Using common directory for complex workflows

For complex workflows, some Shaheen II users might not find all the tools and functionalities in Shaheen II environment that are needed to complete the task. Users produce large amounts of data on Shaheen II and then they might want to perform more operations on that data. These limitations could include: running gpu based code on Shaheen II data, running long data analytic/DL job on live data emanating from Shaheen II HPC workflow, performing live queries on data using data base/tool that is not available on Shaheen II etc. In order to avoid copying of data between different clusters operated by KSL, a common placeholder is available for Shaheen II users. The users can simply run jobs from Ibex (GPU or CPU nodes), Neser or Shaheen II and make use of the common directory without the need for moving data.

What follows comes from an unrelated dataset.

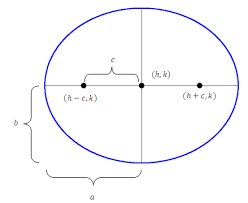 An ellipse is defined in part by the location of the foci. Ellipses Read Calculus Ck 12 Foundation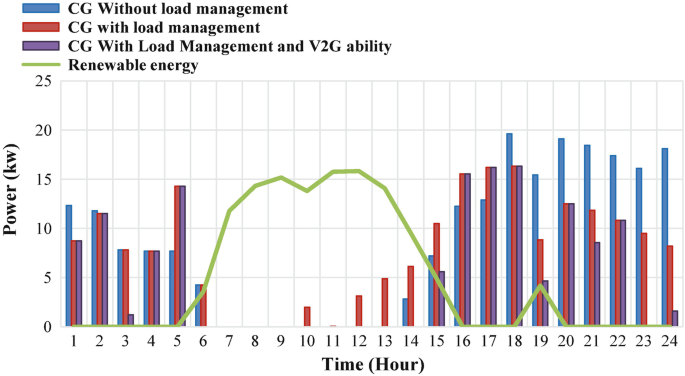 figure 19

Here is how you can access it:

    Login to Shaheen II (ssh -Y user_name@shaheen.hpc.kaust.edu.sa) and do: cd /scratch/$USER
    Login to Neser (ssh -Y user_name@neser.hpc.kaust.edu.sa) and do: cd /scratch/$USER
    Login to Intel nodes of Ibex (ssh -Y user_name@ilogin.ibex.kaust.edu.sa) and do: cd /var/remote/lustre/scratch/$USER
    Login to GPU nodes of Ibex (ssh -Y user_name@glogin.ibex.kaust.edu.sa) and do: cd /var/remote/lustre/scratch/$USER

It is important to view workflows as data-centric tasks, rather than compute-centric tasks. You must not copy your data to different computers/clusers/supercomputers, rather you should operate on that data from various computers.

Please note that data on /scratch is deleted regularly and you should consider data on /scratch as temporary data. Ideally, you should use /scratch for creating raw data and then operate on that data to extract “useful” information from it and then copy it to your /project or /home.

In the coming weeks we will be demonstrating this functionality to you with the help of use cases.